What is required |
Nothing but the lines below from the one containing "But that's not" through the one containing "Today I'm doing" should appear in the answer, exact and without pictures.
[[ Records open ]]
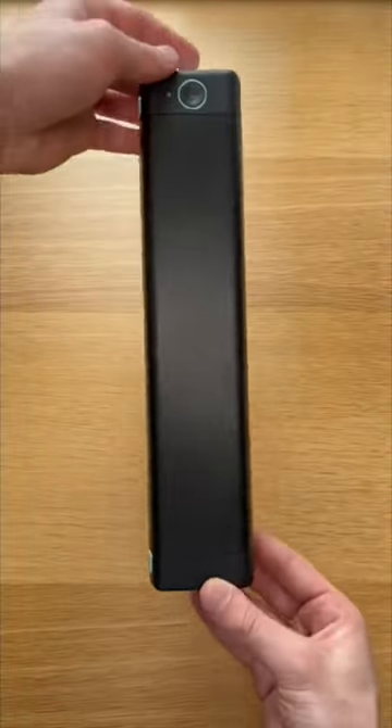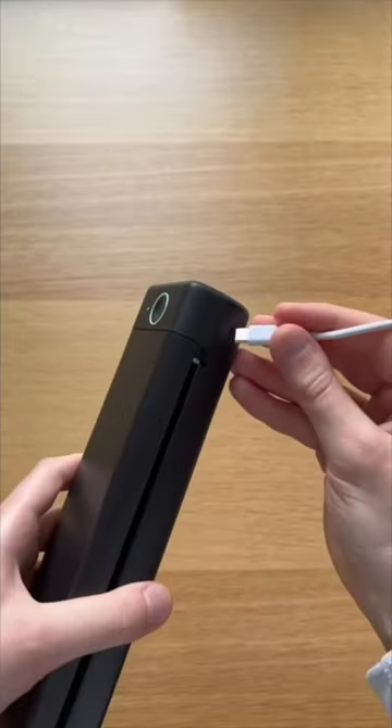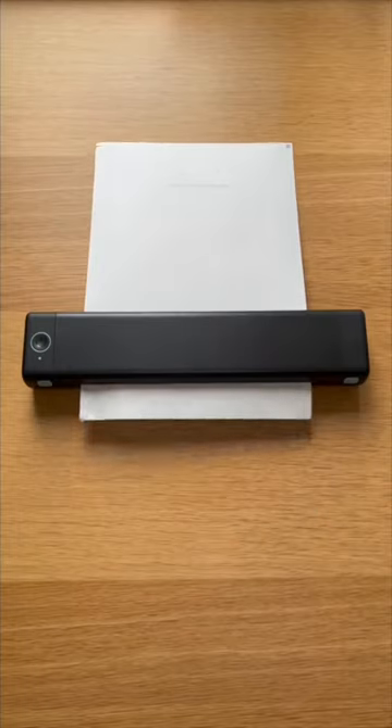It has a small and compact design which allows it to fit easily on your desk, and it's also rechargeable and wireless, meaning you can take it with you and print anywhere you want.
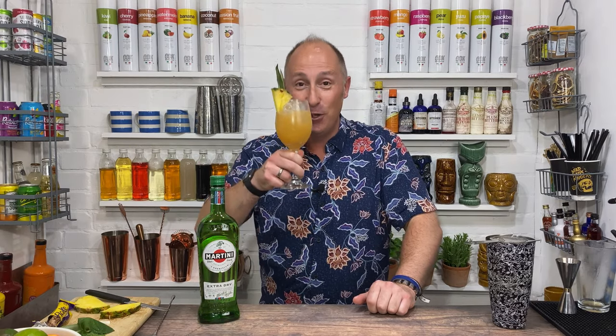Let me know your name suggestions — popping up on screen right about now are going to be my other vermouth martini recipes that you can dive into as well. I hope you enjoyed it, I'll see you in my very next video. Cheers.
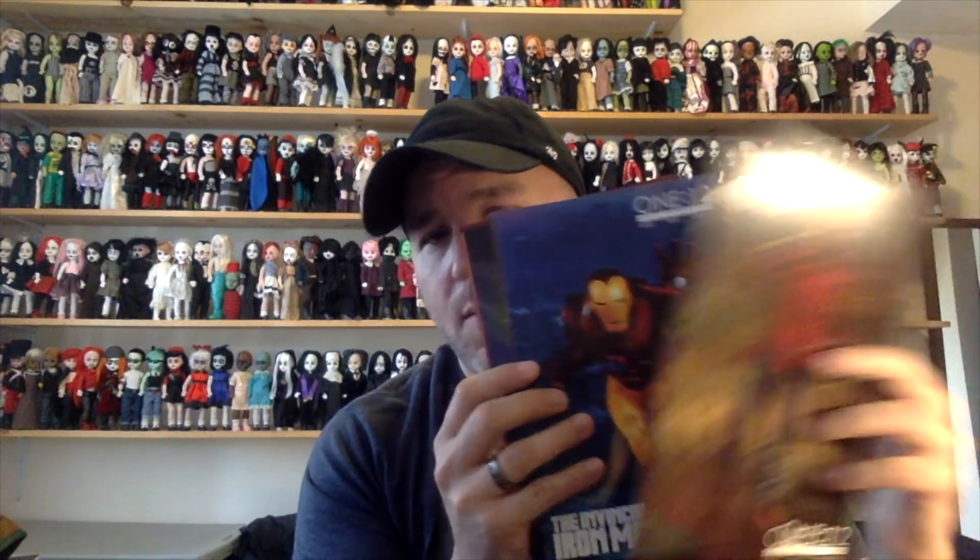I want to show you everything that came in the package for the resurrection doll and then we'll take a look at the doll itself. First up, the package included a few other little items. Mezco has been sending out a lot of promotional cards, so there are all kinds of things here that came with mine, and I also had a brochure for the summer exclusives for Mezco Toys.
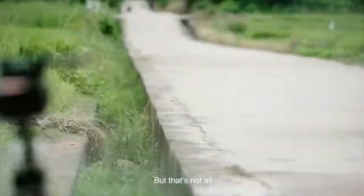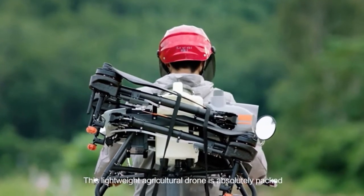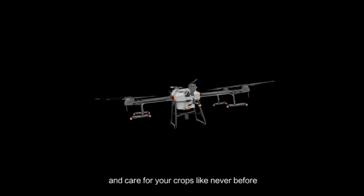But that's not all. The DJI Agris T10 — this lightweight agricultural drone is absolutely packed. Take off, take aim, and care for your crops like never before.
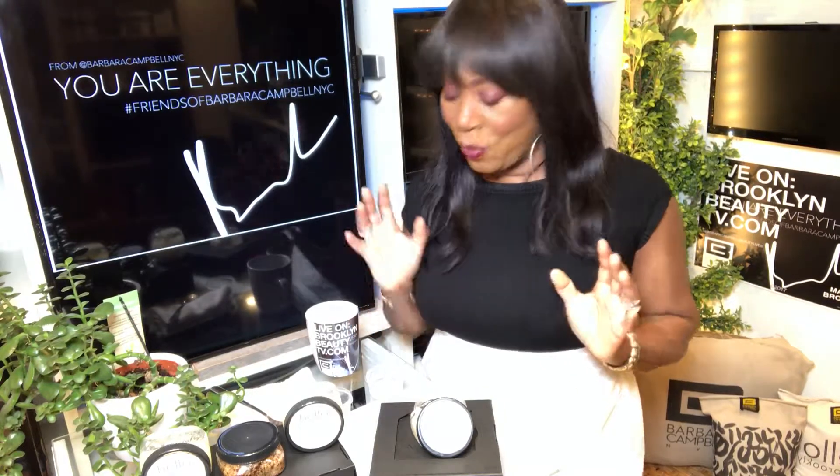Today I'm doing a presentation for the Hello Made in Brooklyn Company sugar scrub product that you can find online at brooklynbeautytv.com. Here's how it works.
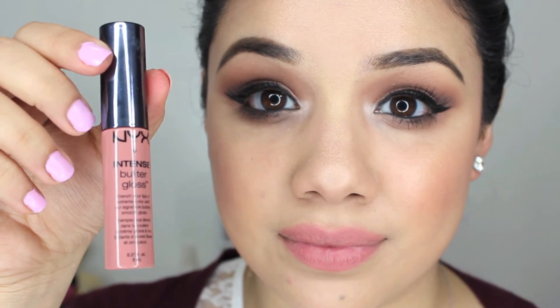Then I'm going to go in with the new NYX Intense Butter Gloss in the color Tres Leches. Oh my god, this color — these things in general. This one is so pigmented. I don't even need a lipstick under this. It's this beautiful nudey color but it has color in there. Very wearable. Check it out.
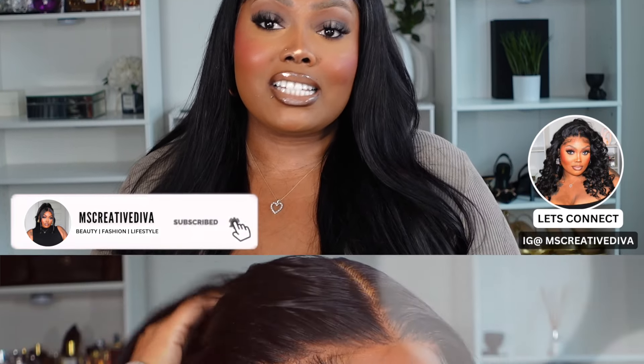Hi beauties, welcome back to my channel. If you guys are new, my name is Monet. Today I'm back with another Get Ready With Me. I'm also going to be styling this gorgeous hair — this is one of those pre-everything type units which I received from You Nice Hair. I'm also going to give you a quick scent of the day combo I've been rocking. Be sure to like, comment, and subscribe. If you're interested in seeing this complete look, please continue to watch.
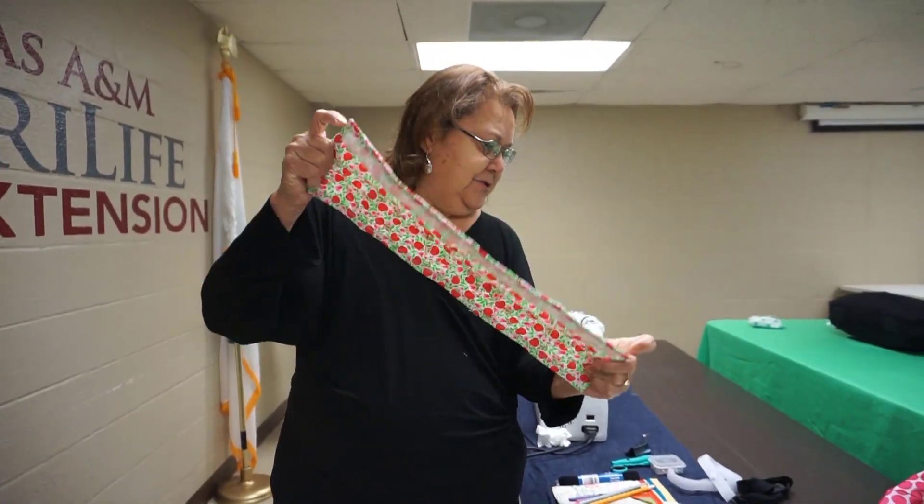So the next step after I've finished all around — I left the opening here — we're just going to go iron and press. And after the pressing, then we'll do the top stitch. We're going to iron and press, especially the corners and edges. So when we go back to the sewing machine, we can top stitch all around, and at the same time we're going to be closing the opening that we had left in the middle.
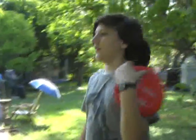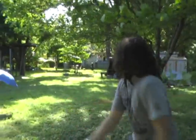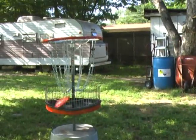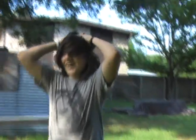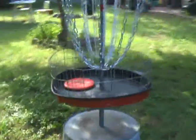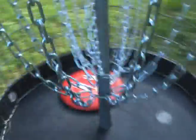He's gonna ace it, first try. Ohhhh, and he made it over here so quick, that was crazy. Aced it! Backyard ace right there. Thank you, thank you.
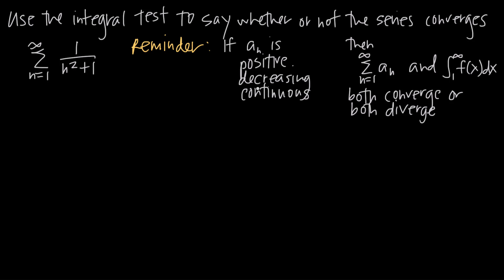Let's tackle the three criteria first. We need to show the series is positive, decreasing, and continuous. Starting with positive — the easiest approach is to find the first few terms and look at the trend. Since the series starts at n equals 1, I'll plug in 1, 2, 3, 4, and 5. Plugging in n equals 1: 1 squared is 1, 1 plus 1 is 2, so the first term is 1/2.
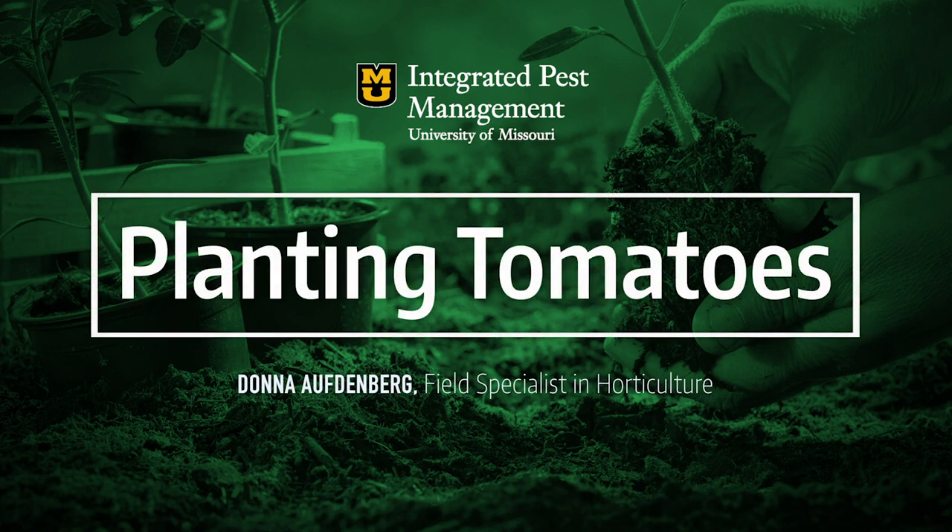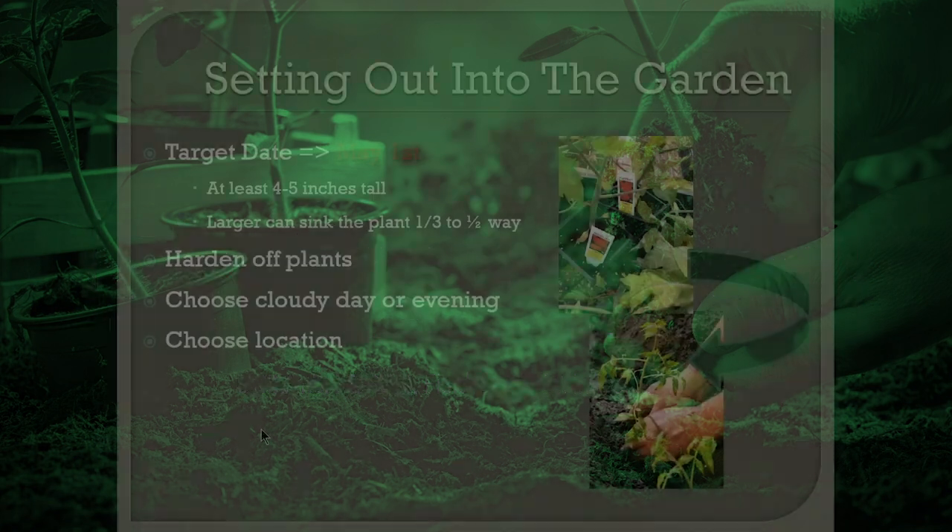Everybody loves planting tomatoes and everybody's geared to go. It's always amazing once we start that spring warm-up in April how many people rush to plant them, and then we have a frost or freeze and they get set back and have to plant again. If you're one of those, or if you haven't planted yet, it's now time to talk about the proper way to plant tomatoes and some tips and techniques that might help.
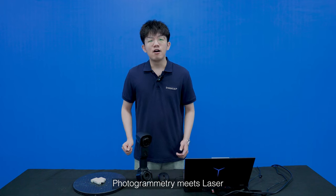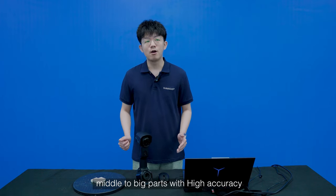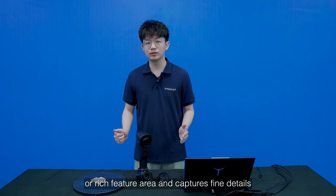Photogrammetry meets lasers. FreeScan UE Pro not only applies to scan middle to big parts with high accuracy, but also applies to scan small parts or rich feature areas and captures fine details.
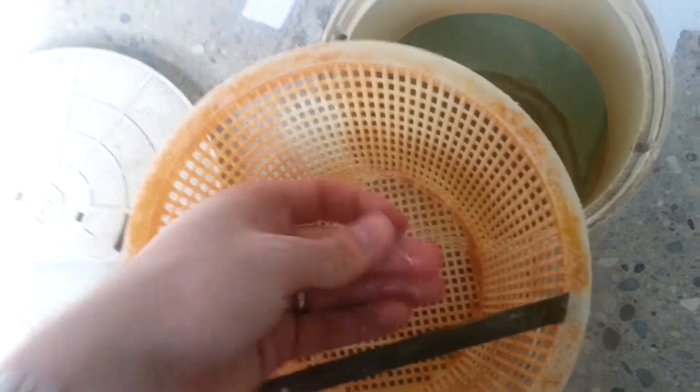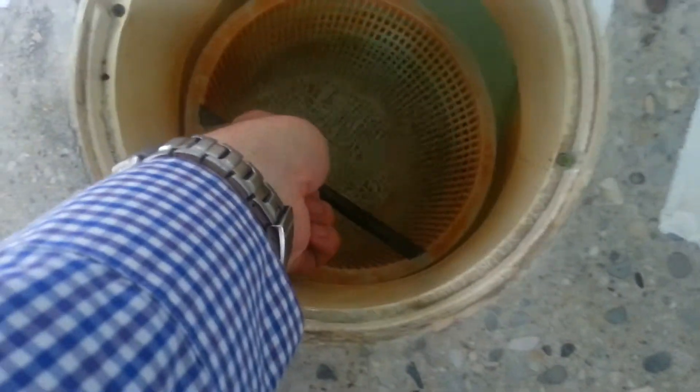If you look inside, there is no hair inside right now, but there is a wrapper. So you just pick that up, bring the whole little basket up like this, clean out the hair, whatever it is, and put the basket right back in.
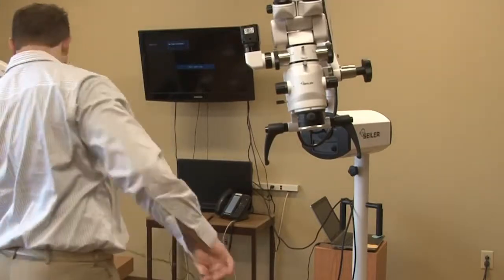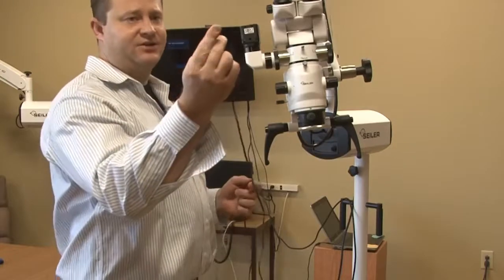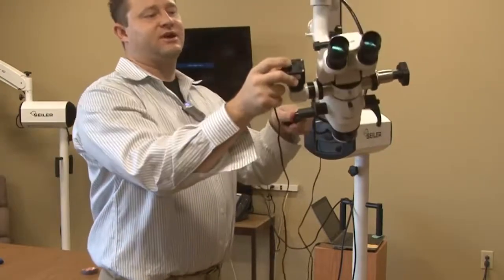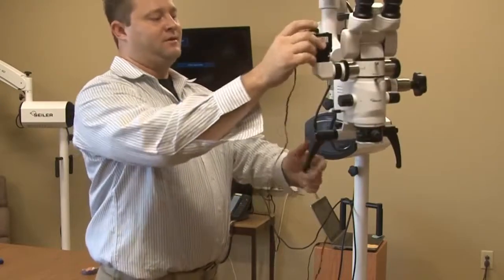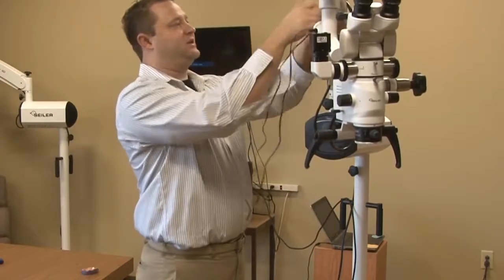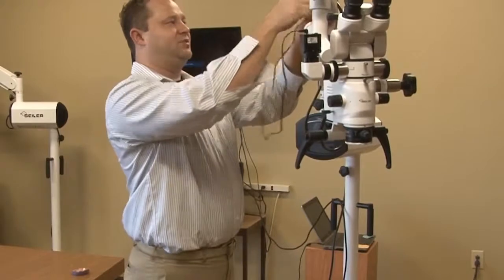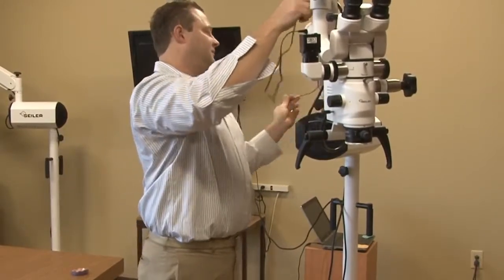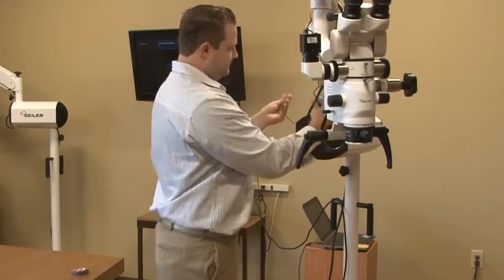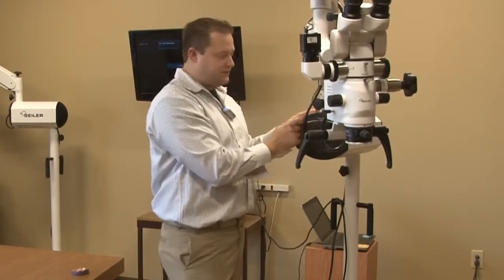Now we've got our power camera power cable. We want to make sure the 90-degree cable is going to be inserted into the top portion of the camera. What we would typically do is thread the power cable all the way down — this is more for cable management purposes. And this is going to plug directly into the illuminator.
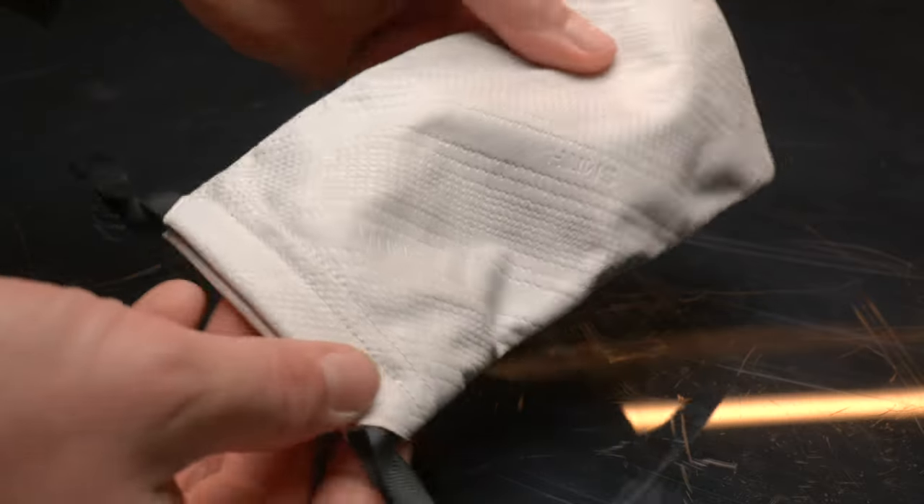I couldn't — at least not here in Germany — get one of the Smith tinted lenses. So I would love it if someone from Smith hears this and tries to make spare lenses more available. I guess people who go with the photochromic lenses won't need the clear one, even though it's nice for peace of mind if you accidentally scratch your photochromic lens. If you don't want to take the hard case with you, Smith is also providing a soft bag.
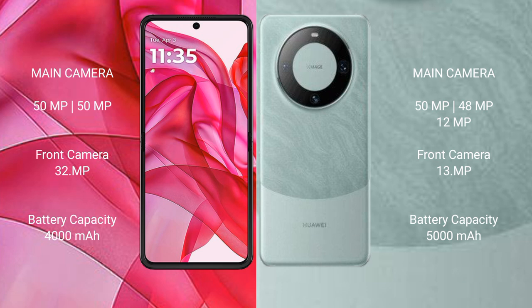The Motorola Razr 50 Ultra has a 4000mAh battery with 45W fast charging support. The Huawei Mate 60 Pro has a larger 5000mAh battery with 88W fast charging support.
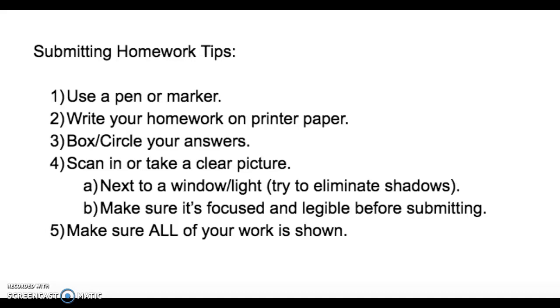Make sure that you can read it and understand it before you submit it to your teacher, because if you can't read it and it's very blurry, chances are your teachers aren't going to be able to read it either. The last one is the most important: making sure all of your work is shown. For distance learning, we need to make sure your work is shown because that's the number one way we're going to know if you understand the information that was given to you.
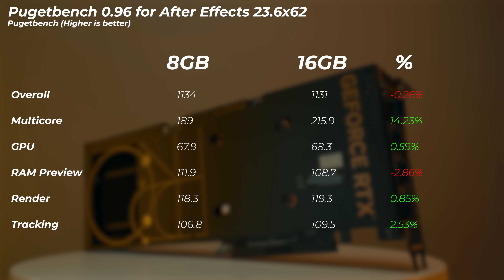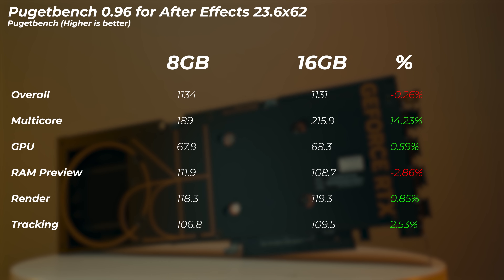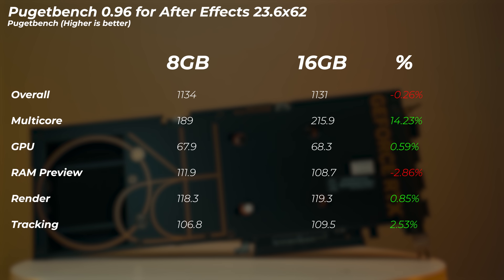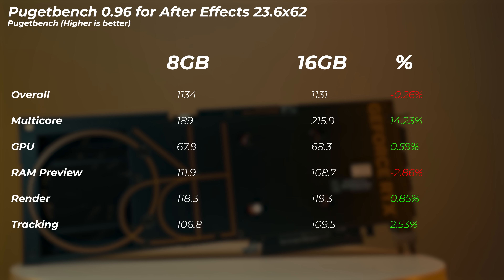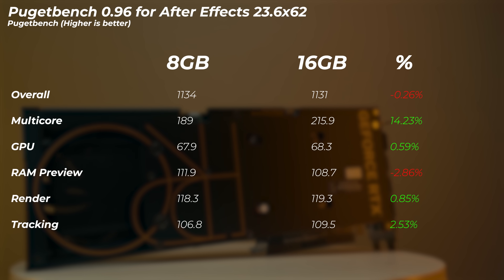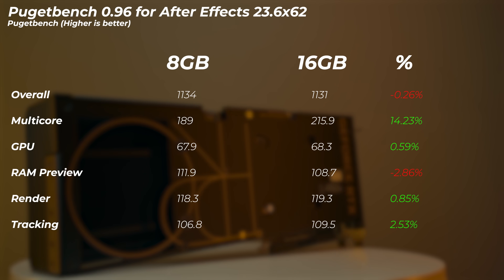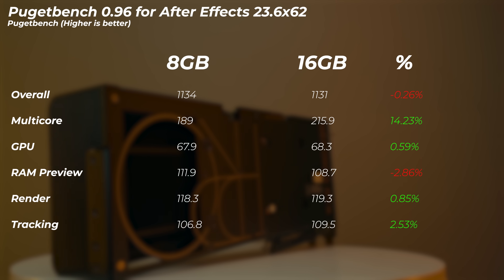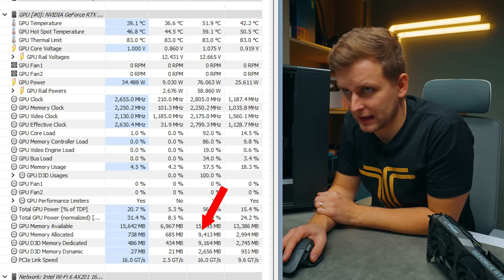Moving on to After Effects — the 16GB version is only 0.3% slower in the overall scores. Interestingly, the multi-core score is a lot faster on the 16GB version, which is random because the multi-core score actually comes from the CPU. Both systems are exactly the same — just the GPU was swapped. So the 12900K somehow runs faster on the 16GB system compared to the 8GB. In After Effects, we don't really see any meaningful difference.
[[ Records closed ]]
The completed task |
But that's not all. The DJI Agris T10 — this lightweight agricultural drone is absolutely packed. Take off, take aim, and care for your crops like never before.
Today I'm doing a presentation for the Hello Made in Brooklyn Company sugar scrub product that you can find online at brooklynbeautytv.com. Here's how it works.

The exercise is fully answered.